Deflection of beam after reaching elastic limit

[k.udhay]

Hi,

When we find out the deflection of beam, the factors considered are its geometry (moment of inertia) and young's modulus (E) of the material. As per text Hook's law 'E' is constant only till the elastic limit of the material. Assuming that the stress induced crosses the elastic limit, 'E' is no more valid. How do we take this effect in the calculation, if the stress is above elastic limit? Thanks.

 

[timthereaper]

In engineering, normally you don't. There's not a really good way to factor that into your formulas, so you should design the beam (or alter the loading condition) to something that won't induce a stress over the yield stress of the beam.

After the yield point, it starts to become nonlinear and there isn't a good way to account for that without really taking multiple things into account. In essence, you're cold working the beam by yielding it and making it harder, but only in certain regions. The more you cold work it, the harder and more brittle it becomes in those spots. After a while, cracks are induced and the beam catastrophically fails. The stress-strain curves for a specific material can help you determine how it will generally behave, but then it's also entirely dependent on how your sample was manufactured and any heat treatment it received. As well, if there are any inclusions in your specific batch of material, it could also affect its behavior.

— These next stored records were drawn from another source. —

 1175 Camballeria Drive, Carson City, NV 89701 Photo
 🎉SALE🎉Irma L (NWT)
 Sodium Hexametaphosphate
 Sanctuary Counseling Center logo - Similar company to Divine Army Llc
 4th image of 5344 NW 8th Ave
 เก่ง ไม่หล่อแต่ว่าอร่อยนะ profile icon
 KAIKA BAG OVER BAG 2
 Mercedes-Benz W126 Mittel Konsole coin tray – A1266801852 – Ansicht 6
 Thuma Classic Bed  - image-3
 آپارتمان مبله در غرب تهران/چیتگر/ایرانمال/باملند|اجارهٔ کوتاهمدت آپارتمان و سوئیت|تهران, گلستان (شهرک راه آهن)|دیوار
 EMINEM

So, short answer: we try not to take that into consideration. If you feel you need to do so, consult the stress-strain diagrams or do your own sample testing.

 

[AlephZero]

In general, you just have a statics or dynamics problem with nonlinear material behavior, and you have to solve it numerically.

A special case is for elastic - perfectly plastic materials, where the stress strain curve is modeled as two straight line segments. See http://en.wikipedia.org/wiki/Plastic_hinge

 

[k.udhay]

In engineering, normally you don't. There's not a really good way to factor that into your formulas, so you should design the beam (or alter the loading condition) to something that won't induce a stress over the yield stress of the beam.

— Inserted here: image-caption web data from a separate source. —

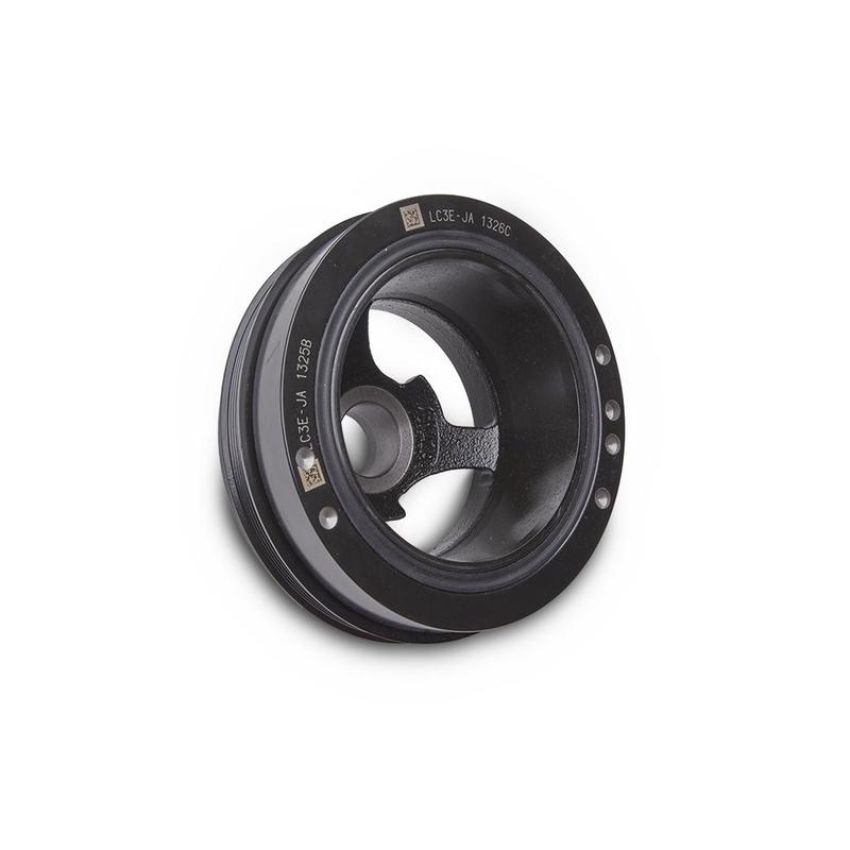 Ford Racing M-6316-SD73 7.3L Gas Engine Harmonic Balancer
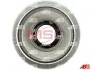 Автозапчастина AS SD5010 (фото 3)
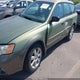 4S4BP61C067300536 2006 Subaru Outback 2.5I auction photo thumbnail 6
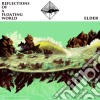 (LP Vinile) Elder - Reflections Of A Floating World (2 Lp) cd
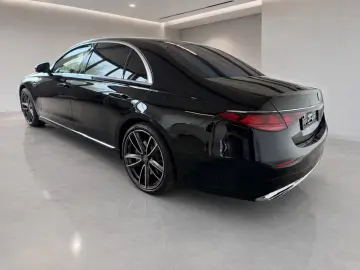 Mercedes-Benz S 580 L 4Matic_ROLFHARTGE_RollMatic_Burmester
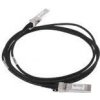 HP JD096CR X240 10G SFP+ SFP+ 1.2m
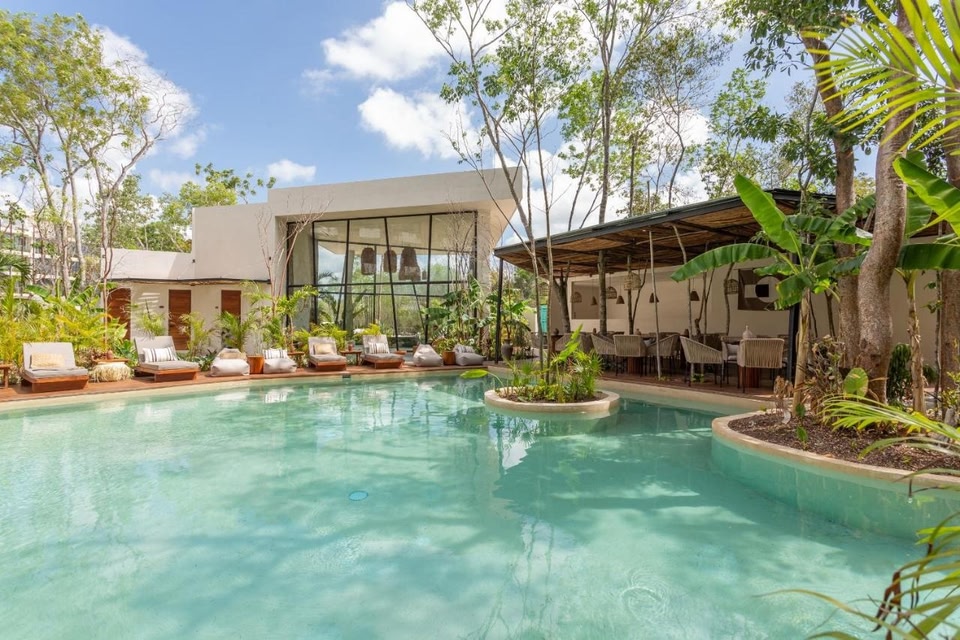 JADE ZEN Residences - (35)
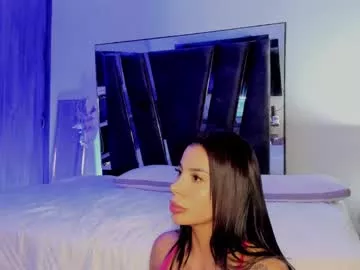 Freechat holly_29_m on Chaturbate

After the yield point, it starts to become nonlinear and there isn't a good way to account for that without really taking multiple things into account. In essence, you're cold working the beam by yielding it and making it harder, but only in certain regions. The more you cold work it, the harder and more brittle it becomes in those spots. After a while, cracks are induced and the beam catastrophically fails. The stress-strain curves for a specific material can help you determine how it will generally behave, but then it's also entirely dependent on how your sample was manufactured and any heat treatment it received. As well, if there are any inclusions in your specific batch of material, it could also affect its behavior.

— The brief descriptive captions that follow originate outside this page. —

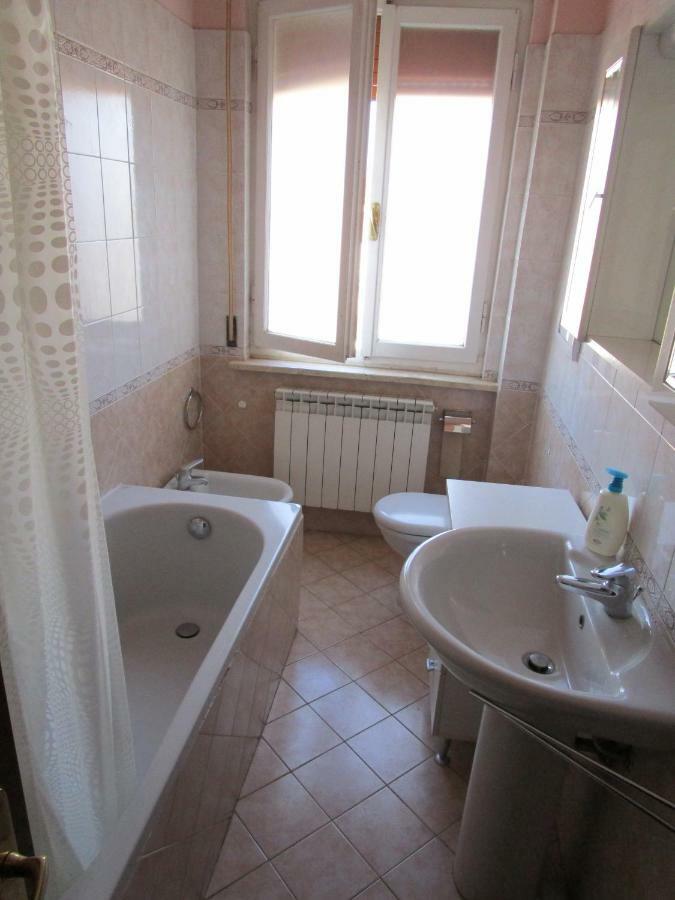 Guest house San Marco *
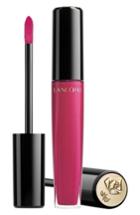 Lancome L'absolu Gloss Sheer - 371 Passionnement Crm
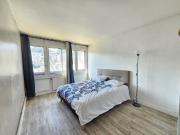 Location Appartement Allée des Frères Gauthier, Saint...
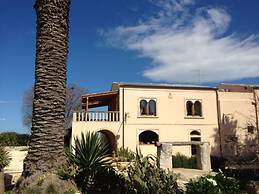 Casa di Melo - Organic Farm Hotel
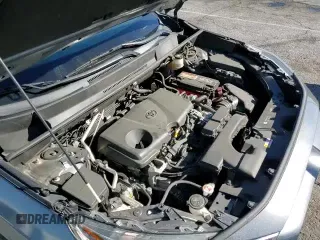 ✅ 2020 Toyota RAV4 Limited • VIN: JTMY1RFV0LD052264 • Lot: 86831855. Wystawiony na Copart z przebiegiem 112 224 mil. Bezpłatny archiwum sprzedaży aukcyjnych z USA i szczegółowy raport historii pojazdu na DreamBid. Zdjęcie 15.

So, short answer: we try not to take that into consideration. If you feel you need to do so, consult the stress-strain diagrams or do your own sample testing.

Thank you, Tim. So, it's safe to keep the component within its yield limit.

 

[k.udhay]

In general, you just have a statics or dynamics problem with nonlinear material behavior, and you have to solve it numerically.

A special case is for elastic - perfectly plastic materials, where the stress strain curve is modeled as two straight line segments. See http://en.wikipedia.org/wiki/Plastic_hinge

Thanks, Aleph. :)